À l’heure actuelle, une éruption volcanique majeure présenterait des risques importants à court et à long terme. Environ 800 millions de personnes vivent à proximité de volcans actifs et sont confrontées à des conséquences potentiellement dévastatrices, y compris la destruction de villes entières. Par exemple, les Champs Phlégréens près de Naples, en Italie, pourraient constituer une menace grave pour le million d’habitants qui vivent autour du site volcanique.
Même une légère baisse de la température globale d’un degré Celsius peut avoir de graves conséquences régionales. Parmi les impacts, il y aurait des perturbations dans l’agriculture, une augmentation des phénomènes météorologiques extrêmes et des perturbations sociétales à grande échelle. On imagine facilement l’impact qu’aurait une éruption du Yellowstone sur les Grandes Plaines des États Unis, le grenier à blé de ce pays.
Une éruption majeure, similaire à celle du Tambora, pourrait entraîner des pertes économiques de plus de 3,6 billions de dollars au cours de la première année de l’éruption.
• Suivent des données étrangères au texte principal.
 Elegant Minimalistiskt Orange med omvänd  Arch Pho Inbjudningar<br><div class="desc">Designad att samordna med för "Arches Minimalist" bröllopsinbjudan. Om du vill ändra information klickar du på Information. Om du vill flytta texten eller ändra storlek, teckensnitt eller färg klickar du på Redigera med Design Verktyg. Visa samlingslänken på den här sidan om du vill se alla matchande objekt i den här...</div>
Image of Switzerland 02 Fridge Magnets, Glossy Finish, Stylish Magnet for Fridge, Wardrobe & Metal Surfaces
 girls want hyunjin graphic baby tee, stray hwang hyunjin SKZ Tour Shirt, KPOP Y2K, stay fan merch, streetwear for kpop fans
Contrairement à ce que pensent certains scientifiques, l’effet de refroidissement temporaire d’une éruption volcanique n’atténuerait pas les impacts permanents du réchauffement climatique. La planète finirait par revenir à sa tendance de réchauffement d’avant l’éruption.
Le site de la prochaine éruption majeure reste un mystère ; elle est susceptible de se produire n’importe où sur Terre. Les zones particulièrement exposées comprennent les régions volcaniques actives comme l’Indonésie et le Parc national de Yellowstone aux États-Unis.

Une chose est sûre: l’homme n’est pas en mesure d’empêcher ces méga éruptions. Certes, grâce aux progrès de la technologie, nous sommes mieux armés pour prévoir le déclenchement d’un tel événement. Une nouvelle éruption de la Montagne Pelée (Martinique) sera forcément moins meurtrière, mais la Montagne Pelée n’arrive pas à la cheville du Yellowstone en matière de puissance volcanique.
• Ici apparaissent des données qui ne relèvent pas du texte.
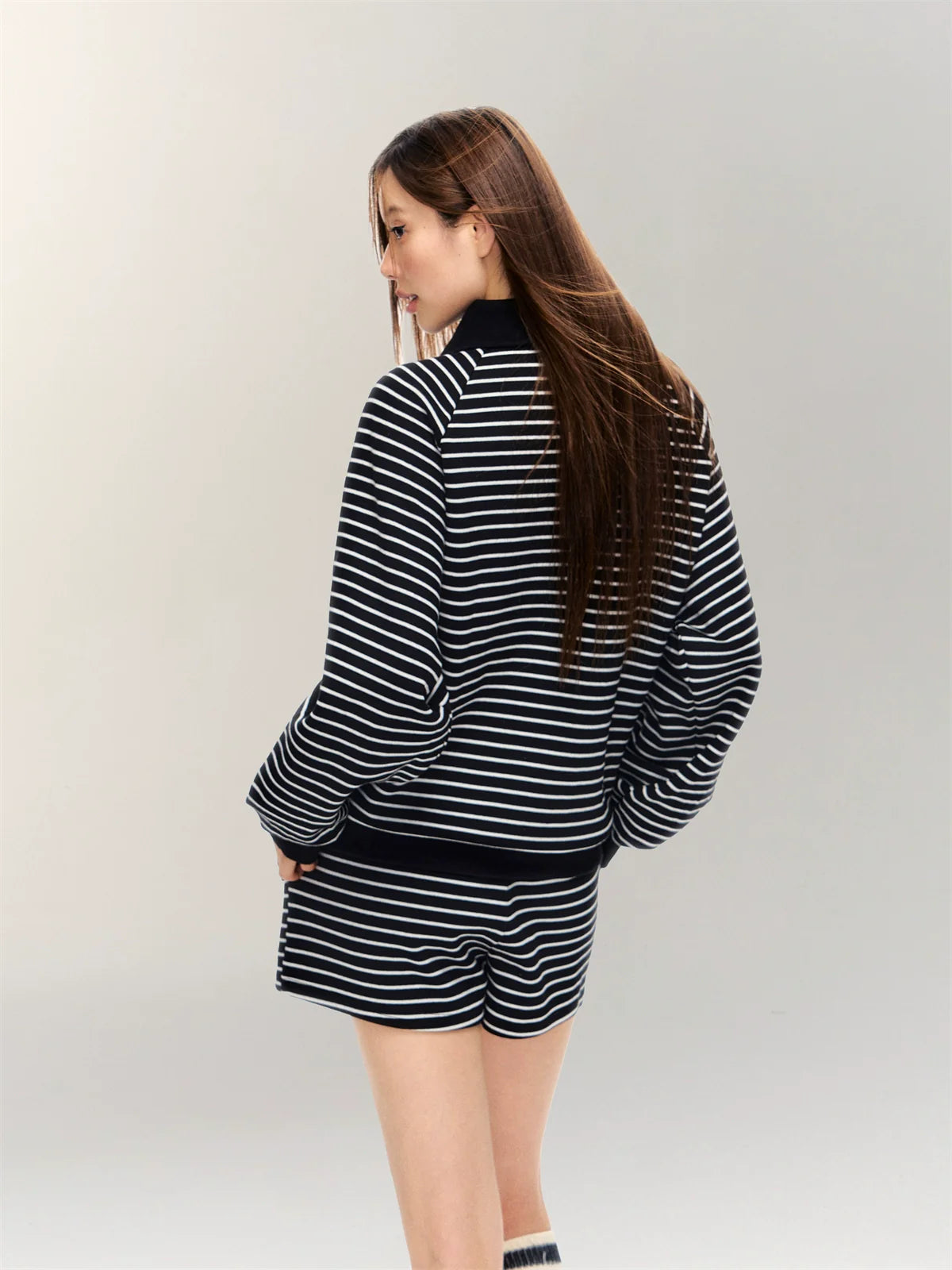 Striped Embroidered Sweatshirt & Shorts Set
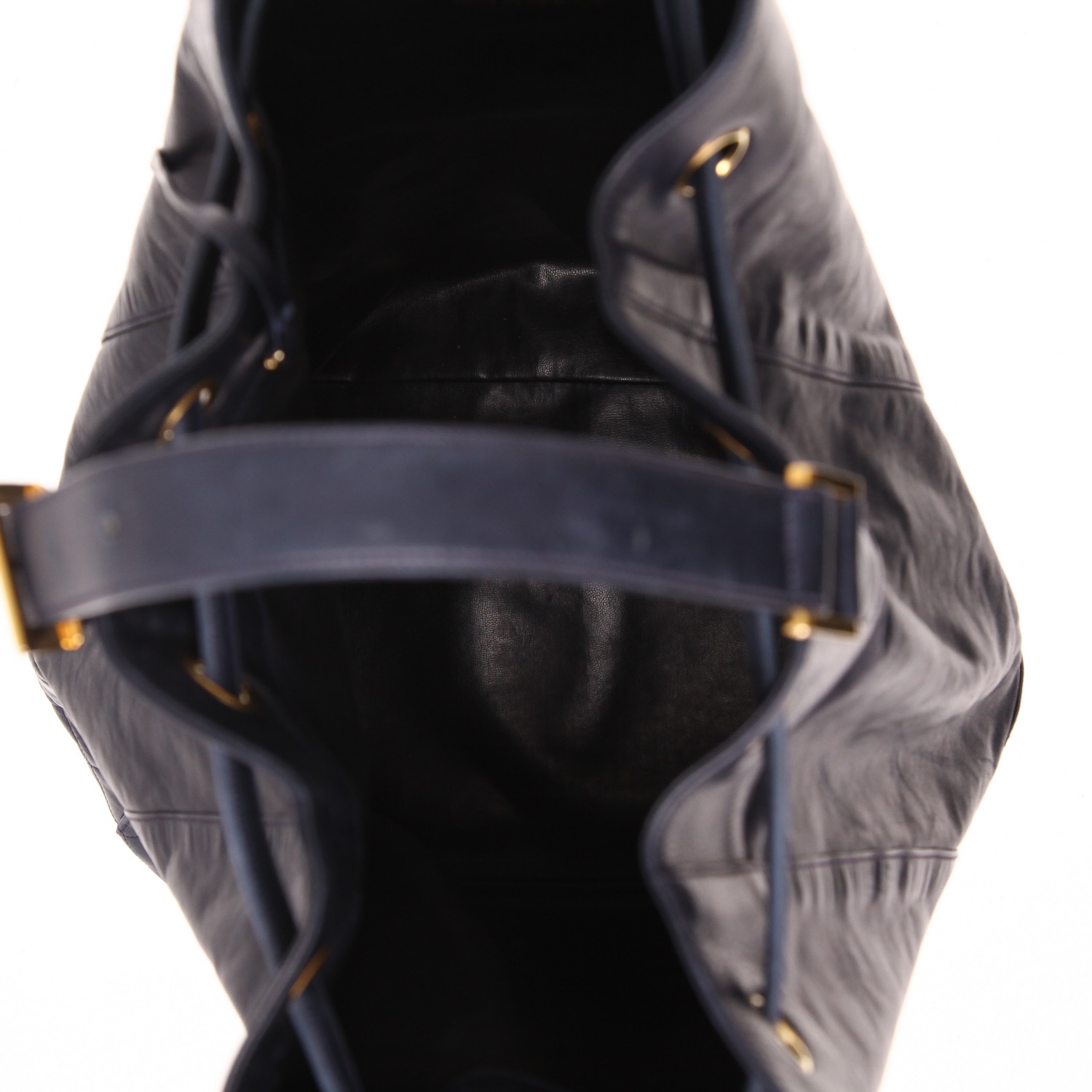 Zaino Chanel  Vintage in pelle blu marino - Detail D3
Prévoir une éruption ne signifie pas être capable d’y faire face. La surveillance de l’activité volcanique est essentielle, mais il faut voir plus loin. Les scientifiques nous expliquent qu’il faudrait planifier une telle catastrophe, mettre en place des plans d’évacuation des populations, ainsi que des protocoles de crise pour garantir un approvisionnement en nourriture et en eau potable. De telles mesures devraient être envisagées à l’échelle mondiale, en coordonnant les efforts entre les États. Quand on voit l’inefficacité des COP pour lutter contre le réchauffement climatique, la partie est loin d’être gagnée en matière de gestion d’une éruption cataclysmale.

Source : Interesting Engineering via Yahoo News.

Yellowstone site de la prochaine super éruption? (Photo: C. Grandpey)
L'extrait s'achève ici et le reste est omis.